Wednesday, August 29, 2018

Only now does it occur to me... FIREFOX

Only now does it occur to me.... that Clint Eastwood basically outsourced the villains of his Cold War caper FIREFOX to the Lucas/Spielberg industrial complex.

The Russian villains you see before you are: Kenneth Colley (Ken Russell veteran and "Admiral Piett" from THE EMPIRE STRIKES BACK),

Ronald Lacey ("Toht" from RAIDERS OF THE LOST ARK),

and Wolf Kahler ("Sgt. Gobler" from RAIDERS OF THE LOST ARK):

To balance things out, we have John Ratzenberger (CHEERS, "Major Derlin" from THE EMPIRE STRIKES BACK), essentially reprising his role from EMPIRE (Rebel on an ice planet) as an American soldier fighting the Evil Empire from the North Pole.
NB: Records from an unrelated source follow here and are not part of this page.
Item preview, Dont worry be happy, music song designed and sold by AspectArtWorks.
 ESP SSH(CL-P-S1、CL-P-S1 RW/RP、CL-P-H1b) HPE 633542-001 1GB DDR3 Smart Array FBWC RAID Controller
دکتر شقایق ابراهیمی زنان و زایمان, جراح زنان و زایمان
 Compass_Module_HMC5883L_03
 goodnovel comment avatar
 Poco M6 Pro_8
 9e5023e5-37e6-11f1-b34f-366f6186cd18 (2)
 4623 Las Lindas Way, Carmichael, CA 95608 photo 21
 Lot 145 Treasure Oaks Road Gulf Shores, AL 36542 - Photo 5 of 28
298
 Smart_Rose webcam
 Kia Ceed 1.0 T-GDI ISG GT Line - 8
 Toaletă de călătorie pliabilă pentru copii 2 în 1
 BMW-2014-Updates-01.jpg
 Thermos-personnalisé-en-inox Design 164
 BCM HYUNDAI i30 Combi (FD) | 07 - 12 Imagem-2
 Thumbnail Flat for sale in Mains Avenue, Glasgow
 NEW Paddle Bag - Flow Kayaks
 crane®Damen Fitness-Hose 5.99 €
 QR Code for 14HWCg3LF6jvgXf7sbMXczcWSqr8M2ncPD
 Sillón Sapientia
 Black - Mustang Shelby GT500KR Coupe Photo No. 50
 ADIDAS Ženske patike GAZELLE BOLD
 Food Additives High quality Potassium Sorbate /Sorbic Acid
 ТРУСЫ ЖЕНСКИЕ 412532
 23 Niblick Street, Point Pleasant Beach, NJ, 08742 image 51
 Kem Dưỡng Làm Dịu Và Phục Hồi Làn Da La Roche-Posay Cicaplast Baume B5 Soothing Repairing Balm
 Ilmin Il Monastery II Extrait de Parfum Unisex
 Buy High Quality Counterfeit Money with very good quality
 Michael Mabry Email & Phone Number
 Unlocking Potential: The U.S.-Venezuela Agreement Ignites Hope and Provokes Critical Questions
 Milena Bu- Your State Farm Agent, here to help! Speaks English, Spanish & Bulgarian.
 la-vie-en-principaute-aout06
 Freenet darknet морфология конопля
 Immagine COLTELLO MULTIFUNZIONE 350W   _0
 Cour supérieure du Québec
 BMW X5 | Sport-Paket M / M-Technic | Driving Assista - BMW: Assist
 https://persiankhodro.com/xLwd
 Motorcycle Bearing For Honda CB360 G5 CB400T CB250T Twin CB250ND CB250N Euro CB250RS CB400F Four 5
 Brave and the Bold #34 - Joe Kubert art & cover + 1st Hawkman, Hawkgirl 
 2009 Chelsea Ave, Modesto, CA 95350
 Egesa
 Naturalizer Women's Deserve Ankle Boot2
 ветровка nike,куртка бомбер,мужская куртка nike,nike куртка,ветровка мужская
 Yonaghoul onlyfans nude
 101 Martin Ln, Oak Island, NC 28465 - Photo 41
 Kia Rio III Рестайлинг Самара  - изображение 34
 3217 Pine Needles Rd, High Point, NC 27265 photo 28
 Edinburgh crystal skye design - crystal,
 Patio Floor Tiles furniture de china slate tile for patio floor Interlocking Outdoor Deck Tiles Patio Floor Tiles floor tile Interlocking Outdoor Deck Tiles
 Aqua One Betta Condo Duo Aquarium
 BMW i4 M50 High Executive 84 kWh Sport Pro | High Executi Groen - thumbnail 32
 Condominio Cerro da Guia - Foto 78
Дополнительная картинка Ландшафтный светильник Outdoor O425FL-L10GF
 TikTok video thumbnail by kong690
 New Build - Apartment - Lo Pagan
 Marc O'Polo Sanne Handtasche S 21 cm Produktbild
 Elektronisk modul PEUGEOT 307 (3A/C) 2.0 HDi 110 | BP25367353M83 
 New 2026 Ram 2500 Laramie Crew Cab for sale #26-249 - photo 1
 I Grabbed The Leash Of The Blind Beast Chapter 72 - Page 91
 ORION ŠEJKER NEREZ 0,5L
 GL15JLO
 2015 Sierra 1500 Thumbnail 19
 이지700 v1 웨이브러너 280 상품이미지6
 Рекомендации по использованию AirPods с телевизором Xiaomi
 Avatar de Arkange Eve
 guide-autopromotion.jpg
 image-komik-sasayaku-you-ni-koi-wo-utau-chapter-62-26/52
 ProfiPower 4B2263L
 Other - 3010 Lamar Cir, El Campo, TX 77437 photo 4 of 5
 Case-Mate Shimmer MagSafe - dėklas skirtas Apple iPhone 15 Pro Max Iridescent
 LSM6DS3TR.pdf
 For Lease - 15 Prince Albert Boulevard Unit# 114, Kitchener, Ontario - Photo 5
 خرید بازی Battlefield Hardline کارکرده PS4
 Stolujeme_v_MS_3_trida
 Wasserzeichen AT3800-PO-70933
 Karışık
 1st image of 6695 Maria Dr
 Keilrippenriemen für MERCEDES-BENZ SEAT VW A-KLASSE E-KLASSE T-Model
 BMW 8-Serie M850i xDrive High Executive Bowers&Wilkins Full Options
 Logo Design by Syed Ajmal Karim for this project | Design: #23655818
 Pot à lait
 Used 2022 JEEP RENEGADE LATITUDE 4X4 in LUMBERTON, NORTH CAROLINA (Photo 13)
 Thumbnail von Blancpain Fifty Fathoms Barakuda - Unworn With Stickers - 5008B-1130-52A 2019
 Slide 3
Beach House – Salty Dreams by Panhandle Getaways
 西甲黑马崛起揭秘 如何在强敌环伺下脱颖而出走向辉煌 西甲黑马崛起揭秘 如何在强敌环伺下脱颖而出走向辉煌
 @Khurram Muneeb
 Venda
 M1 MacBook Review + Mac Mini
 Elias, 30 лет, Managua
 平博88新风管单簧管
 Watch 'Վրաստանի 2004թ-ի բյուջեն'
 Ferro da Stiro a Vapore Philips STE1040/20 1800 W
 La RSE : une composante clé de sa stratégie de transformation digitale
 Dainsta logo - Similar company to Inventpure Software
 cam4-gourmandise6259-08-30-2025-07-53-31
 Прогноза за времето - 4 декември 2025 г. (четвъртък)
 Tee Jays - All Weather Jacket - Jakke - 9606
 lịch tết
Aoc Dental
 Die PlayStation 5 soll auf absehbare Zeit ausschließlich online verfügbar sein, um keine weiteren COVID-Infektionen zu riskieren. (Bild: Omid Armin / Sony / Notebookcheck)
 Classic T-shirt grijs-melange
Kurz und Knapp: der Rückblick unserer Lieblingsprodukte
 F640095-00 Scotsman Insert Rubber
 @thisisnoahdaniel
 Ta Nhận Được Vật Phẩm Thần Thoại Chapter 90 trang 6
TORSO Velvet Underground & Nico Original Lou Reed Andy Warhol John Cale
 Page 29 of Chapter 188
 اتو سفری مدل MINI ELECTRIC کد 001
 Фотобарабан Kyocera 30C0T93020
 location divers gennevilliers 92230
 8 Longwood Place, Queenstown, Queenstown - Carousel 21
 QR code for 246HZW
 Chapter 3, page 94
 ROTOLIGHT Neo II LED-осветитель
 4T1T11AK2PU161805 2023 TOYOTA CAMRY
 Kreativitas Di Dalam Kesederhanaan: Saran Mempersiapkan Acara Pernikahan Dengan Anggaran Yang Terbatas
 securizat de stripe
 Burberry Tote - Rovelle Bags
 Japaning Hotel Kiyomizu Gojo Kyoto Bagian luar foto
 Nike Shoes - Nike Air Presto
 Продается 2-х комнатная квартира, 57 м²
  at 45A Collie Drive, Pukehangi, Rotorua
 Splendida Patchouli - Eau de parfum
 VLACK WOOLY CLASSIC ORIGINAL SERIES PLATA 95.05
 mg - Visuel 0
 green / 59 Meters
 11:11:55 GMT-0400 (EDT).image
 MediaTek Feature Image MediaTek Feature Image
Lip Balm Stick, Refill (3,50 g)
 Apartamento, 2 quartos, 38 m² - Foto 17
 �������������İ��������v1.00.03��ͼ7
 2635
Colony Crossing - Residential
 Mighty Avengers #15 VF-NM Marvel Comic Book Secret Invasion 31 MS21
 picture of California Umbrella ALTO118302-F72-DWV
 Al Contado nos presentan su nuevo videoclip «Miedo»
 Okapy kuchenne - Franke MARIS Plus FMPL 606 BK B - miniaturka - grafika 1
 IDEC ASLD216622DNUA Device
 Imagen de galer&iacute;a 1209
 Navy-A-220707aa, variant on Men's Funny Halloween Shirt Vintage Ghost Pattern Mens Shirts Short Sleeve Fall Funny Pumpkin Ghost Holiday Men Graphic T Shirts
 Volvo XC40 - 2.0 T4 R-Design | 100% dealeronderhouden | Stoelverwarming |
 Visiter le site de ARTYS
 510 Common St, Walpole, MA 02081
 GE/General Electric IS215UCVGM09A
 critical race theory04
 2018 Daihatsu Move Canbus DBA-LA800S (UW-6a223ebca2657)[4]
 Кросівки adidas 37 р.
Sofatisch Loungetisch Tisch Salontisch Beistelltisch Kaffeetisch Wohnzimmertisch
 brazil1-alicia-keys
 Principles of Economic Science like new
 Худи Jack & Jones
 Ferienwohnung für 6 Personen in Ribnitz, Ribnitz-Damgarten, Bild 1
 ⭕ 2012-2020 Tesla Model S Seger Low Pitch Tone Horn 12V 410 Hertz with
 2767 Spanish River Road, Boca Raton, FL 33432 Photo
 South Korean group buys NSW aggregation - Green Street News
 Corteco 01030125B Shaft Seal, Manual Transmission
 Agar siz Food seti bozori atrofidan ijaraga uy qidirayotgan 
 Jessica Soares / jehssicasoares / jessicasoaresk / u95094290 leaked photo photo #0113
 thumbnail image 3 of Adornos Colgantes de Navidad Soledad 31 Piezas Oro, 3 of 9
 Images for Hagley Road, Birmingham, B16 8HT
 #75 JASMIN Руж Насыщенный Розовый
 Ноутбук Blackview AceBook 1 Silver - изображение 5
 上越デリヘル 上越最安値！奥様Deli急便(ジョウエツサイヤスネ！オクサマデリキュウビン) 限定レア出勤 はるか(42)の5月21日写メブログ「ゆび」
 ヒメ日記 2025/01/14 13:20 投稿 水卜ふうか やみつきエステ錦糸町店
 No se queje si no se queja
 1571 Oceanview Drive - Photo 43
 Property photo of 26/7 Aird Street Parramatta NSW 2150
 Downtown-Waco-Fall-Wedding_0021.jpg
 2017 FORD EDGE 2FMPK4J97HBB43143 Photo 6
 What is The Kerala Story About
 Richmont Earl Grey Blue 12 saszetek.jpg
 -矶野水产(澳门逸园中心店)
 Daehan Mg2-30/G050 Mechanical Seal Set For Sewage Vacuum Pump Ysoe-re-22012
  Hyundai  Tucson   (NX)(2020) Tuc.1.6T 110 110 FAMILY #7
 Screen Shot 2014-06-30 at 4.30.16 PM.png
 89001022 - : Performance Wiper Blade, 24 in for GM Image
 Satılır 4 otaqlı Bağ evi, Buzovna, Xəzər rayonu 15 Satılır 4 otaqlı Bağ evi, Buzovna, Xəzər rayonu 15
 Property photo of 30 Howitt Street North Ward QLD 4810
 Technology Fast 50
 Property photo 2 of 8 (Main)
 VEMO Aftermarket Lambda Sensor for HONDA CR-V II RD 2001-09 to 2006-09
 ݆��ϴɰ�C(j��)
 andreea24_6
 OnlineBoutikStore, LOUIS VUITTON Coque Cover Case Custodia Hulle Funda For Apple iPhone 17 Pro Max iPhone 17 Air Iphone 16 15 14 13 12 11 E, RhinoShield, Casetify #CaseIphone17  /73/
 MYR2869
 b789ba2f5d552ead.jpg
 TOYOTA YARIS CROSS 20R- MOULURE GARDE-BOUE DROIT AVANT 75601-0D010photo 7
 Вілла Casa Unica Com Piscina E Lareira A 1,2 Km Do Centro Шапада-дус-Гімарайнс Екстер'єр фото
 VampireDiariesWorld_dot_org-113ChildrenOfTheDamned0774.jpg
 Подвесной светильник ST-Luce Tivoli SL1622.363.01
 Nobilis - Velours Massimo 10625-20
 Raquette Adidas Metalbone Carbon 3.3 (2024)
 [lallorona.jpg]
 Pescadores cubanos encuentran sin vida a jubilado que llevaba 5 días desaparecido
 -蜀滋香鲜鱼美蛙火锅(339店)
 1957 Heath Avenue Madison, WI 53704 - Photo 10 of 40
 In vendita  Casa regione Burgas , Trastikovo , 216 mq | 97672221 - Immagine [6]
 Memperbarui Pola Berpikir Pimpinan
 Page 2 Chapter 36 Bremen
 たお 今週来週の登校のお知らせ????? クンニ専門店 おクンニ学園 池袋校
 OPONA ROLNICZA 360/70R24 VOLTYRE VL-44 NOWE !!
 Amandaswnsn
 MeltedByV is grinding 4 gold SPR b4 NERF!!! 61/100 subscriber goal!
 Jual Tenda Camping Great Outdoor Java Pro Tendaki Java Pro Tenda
Because I have to tip my hat to the outliers, another of the Russian villains is Klaus Löwitsch, a legitimately Great Actor who may bear some resemblance to Corbin Bernsen, but is in fact one of the most talented players to come out of the New German Cinema and a veteran of no less than five Rainer Werner Fassbinder films. It's probably not too much of a stretch for you to understand that he is completely wasted here.

Apologies, Mr. Löwitsch.

The film itself was a box office smash at the time, but today it plays like a second-tier, phoned in cold war thriller, á la Eastwood's own THE EIGER SANCTION or Peckinpah's THE OSTERMAN WEEKEND. Author Howard Hughes (AIM FOR THE HEART: THE FILMS OF CLINT EASTWOOD) probably sums it up best with, "Less a 'Firefox', it's more of a damp squib, or at best a smoldering turkey."

The opening is kind of a proto-COMMANDO, with shirtless Eastwood as a veteran in pastoral environs trying to enjoy his retirement when he's pulled out to do "one last job." In this case, the Last Job is stealing a top-secret Soviet fighter plane.

I guess there's an understated sci-fi aspect to the film with a "mind-control helmet" that pilots the Soviet plane via telepathy, but that's not even important, so you don't have to worry about it.

Also, for a Cold War actioner, there's not a lot of action. In fact, the entire plot could likely be reduced to about three scenes––therefore, I'm not sure why it runs 2 hours and 15 minutes. Ah, well.


It's also perhaps worth mentioning that the 'thrilling' dogfight is simplistic enough so as to prep us for the eventual Atari game tie-in; and despite using a superior "Reverse Blue-Screen" technology, it still looks inferior to the Battle of Hoth in THE EMPIRE STRIKES BACK. Out of the 39 completed films Clint Eastwood has directed, I have now seen 37 of them (for the curious, my only gaps are HEREAFTER and THE 15:17 TO PARIS). Only THE EIGER SANCTION, SULLY, and INVICTUS are as boring as this one. I prefer BREEZY, for godssakes. BREEZY.

3 comments:

Roger said...

When you're right you're right. I'm old enough to remember when this came out (I was an usher in a theatre where it showed). People flocked to this for about 3 days, and all came out shell-shocked and disappointed. "That's it?"

At the time the fact there were no credits at the beginning seemed to be quite modern and transgressive.

Keep up the good work! Roger

Sean Gill said...

Roger,

Thanks, man––that's interesting to hear about the original audiences! I had to imagine that was the case.

Mongoose said...

I liked the novel a lot better, although I did appreciate the absence of beginning credits.